その姿は、命のやり取りに怯えていたイサミとは思えない。いや、今回も焦り、怯えてもいた。
スペルビア再来時には「持ってくれよ俺のメンタル」と弱気な発言もしている。
イサミはイサミのままであるとも言えるだろう。
対するスミスはどうだったろうか。
彼は斥候に出る直前まで、自分の好きなヒーローのアニメを観ていた。
彼は現実のマシンを操縦する軍のパイロットだけど、それは本人が本当に望んでいた夢ではない。
そして生存者の捜索を懸命に続けたものの、限界が近付くとイサミと違い作戦通りに撤退を進言した。
これはイサミに対してスミスを悪し様に言いたいわけではない。
そもそもブレイバーンとイサミだけの斥候役に、危険を承知でスミスも参加したのだ。
これだけでも十分過ぎる程に勇気ある行動であり、イサミを想う友情にも溢れている。何をどう考えても良い男だ。
しかし、状況が限界の窮地になると、彼は軍の命令に従い撤退を優先した。
本当ならば、スミスがなりたい『ヒーロー』とはイサミのような『どれだけ窮地でも諦めず、自分の正義を貫く心』ではないだろうか。
スミスが望んでいなくても、既に彼の生き方や思想に『軍人』が刻み込まれている。
これはブレイバーンの言う『生理的に無理』の正体ではないか。
イサミのメンタルはスミス程に強くない。戦うのは恐い。本当は逃げたい。
軍人の仲間や作戦のためなら自分の命を捨てでも遂行する考え方を否定してすらいる。
しかし第一話でもそうだったように、目の前で人の命が奪われうとすると、自分の心を奮い立たせて救おうとする。

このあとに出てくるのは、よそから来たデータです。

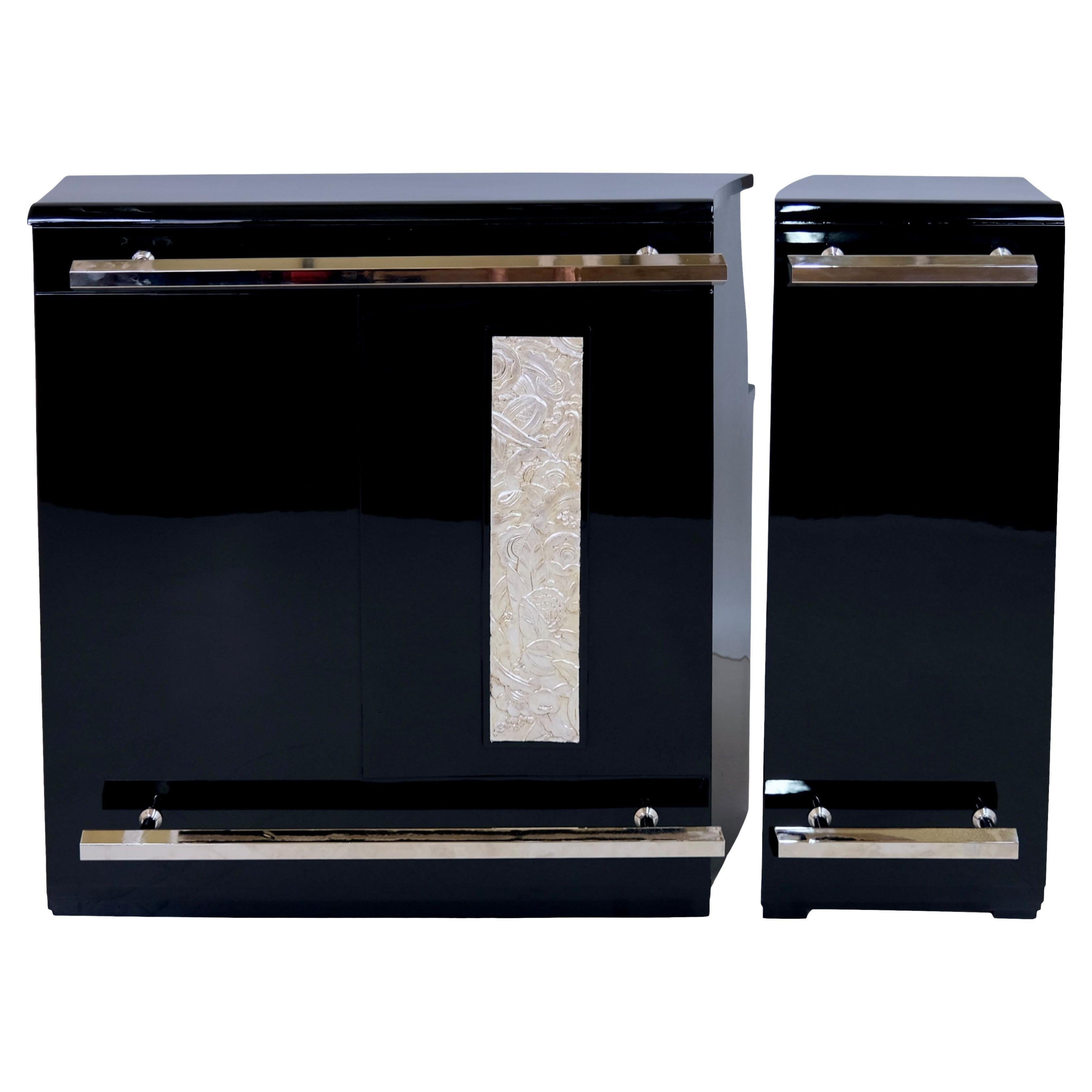 1930's French Art Deco Dry Bar Furniture in Black Lacquer with Side Element For Sale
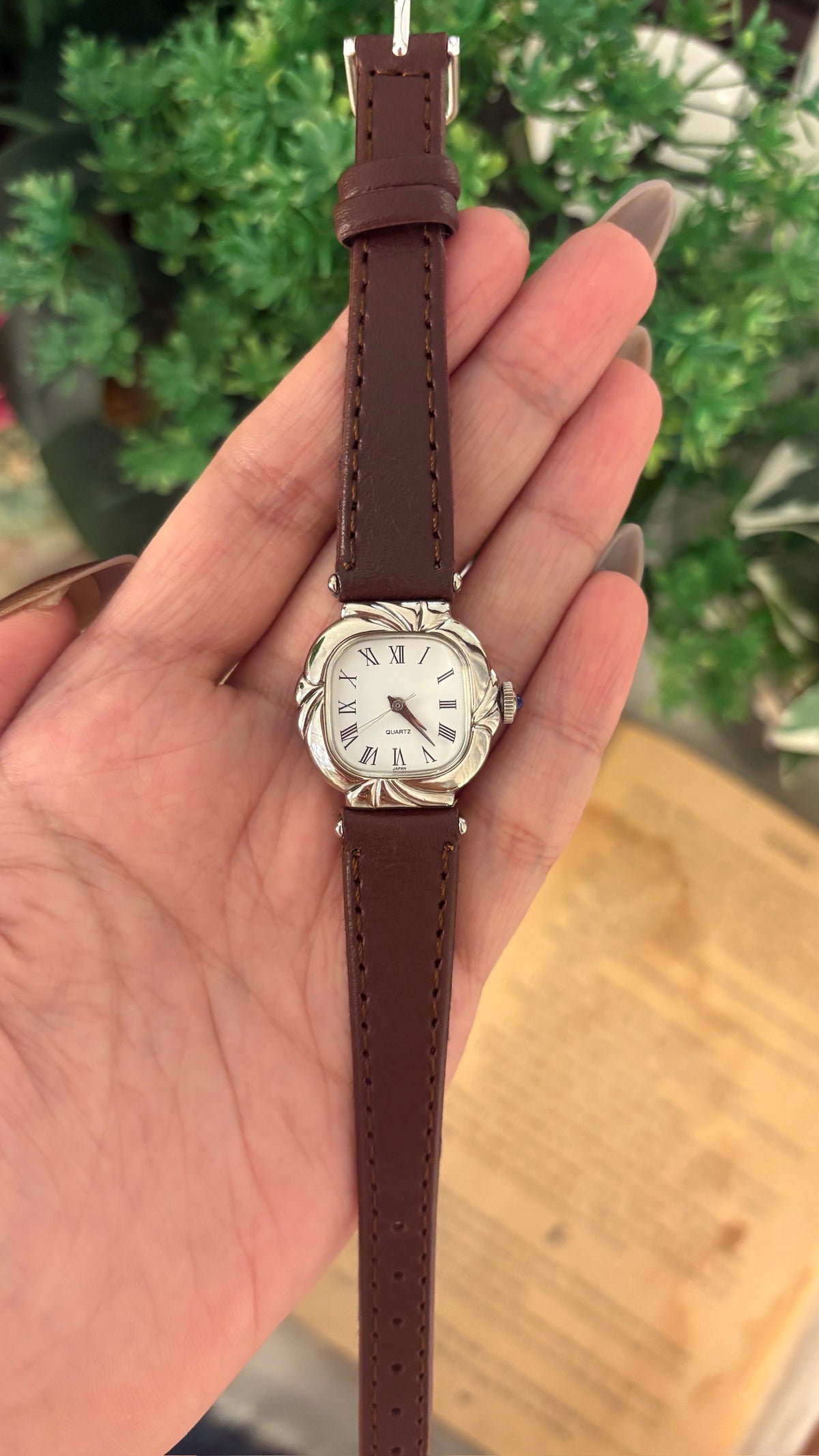 Rare Vintage Noevir Citizen Swirl Accent Watch in Silver Tone Brown Leather Quartz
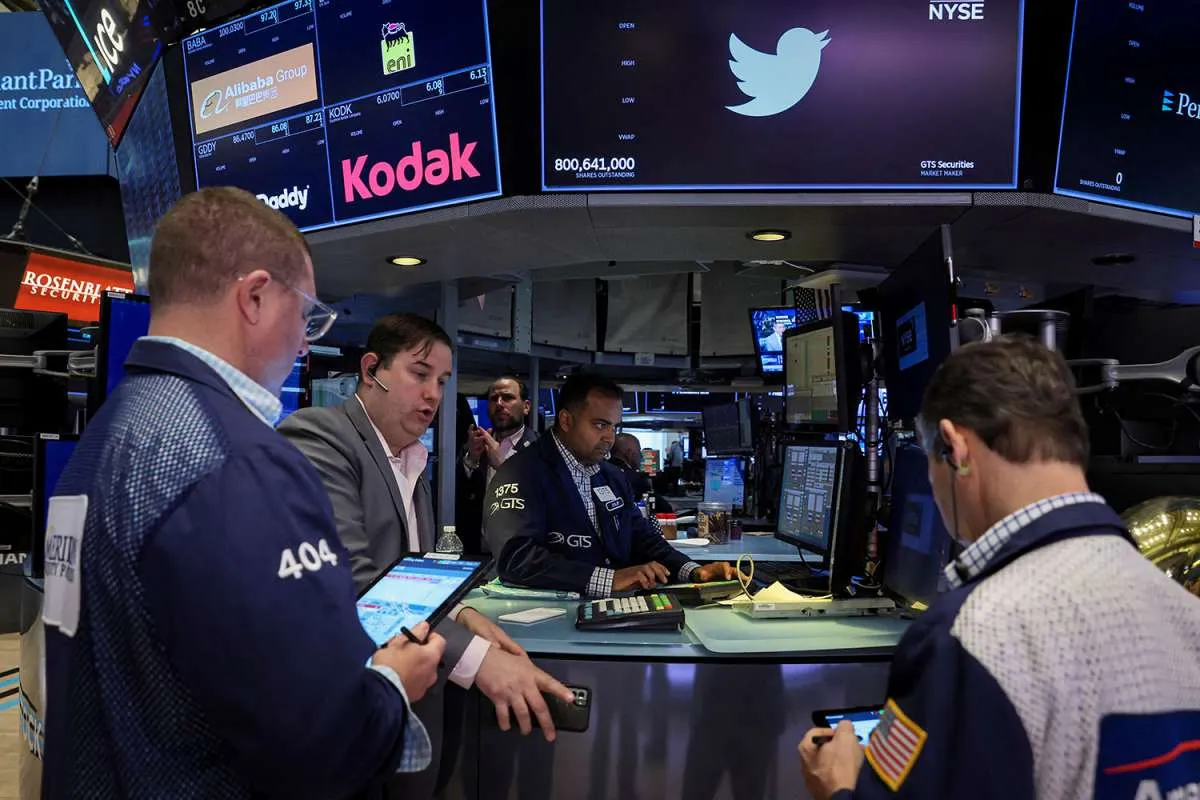 Wall Street Naik Tipis, Laporan Meta Mengimbangi Kekhawatiran Proyeksi Ekonomi AS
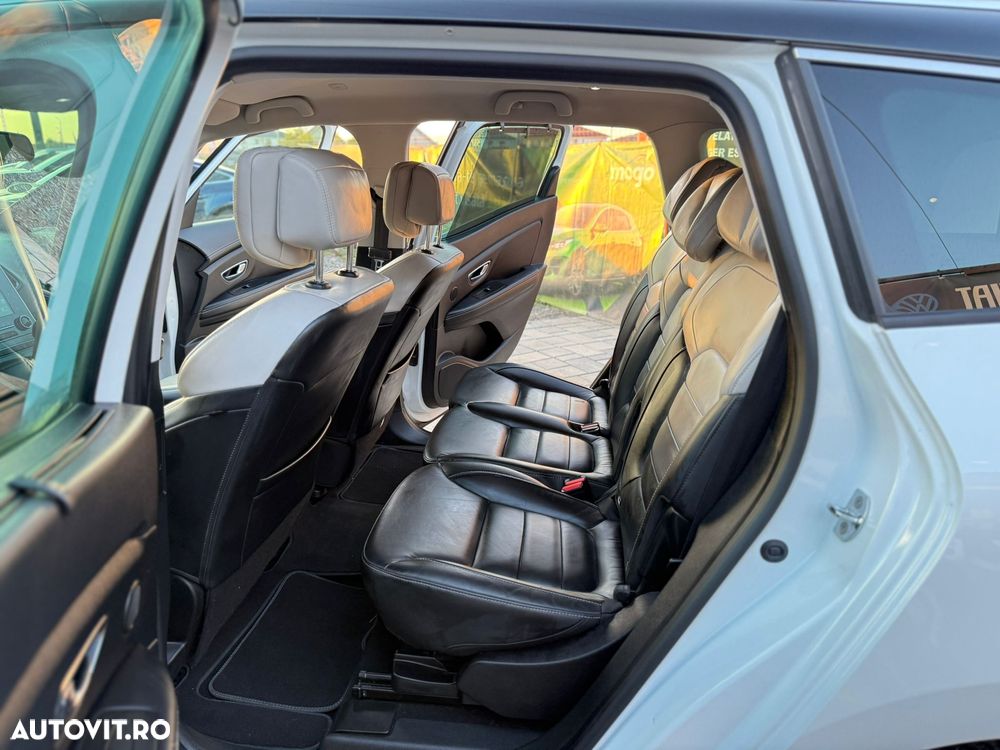 Renault Scenic - 8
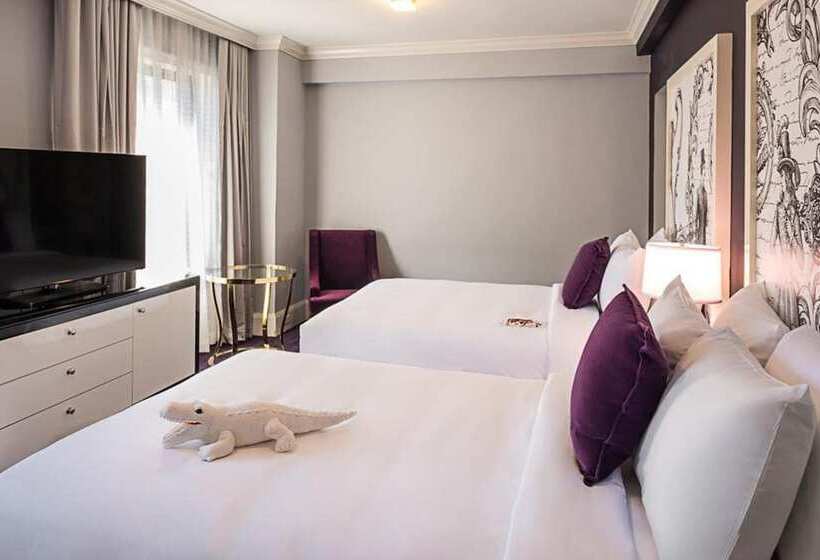 Отель Hampton Inn & Suites New Orleans Canal St. French Quarter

自己犠牲を否定しながらも、誰かの窮地に対して自分の身を顧みず救おうとする矛盾。
それこそがブレイバーンがときめいた『勇気の爆発』ではないだろうか。
今回は、絶望的な状況でも諦めないイサミの意気に応えるよう、ブレイバーンは『勇導操波』を発動した。『その時』になったのだ。
イサミの諦めない心。誰かを救おうとする勇気。
それに呼応して叶える力がここにある。
だから言った。
迷いなく、堂々と、その言葉を言ってのけたのだ。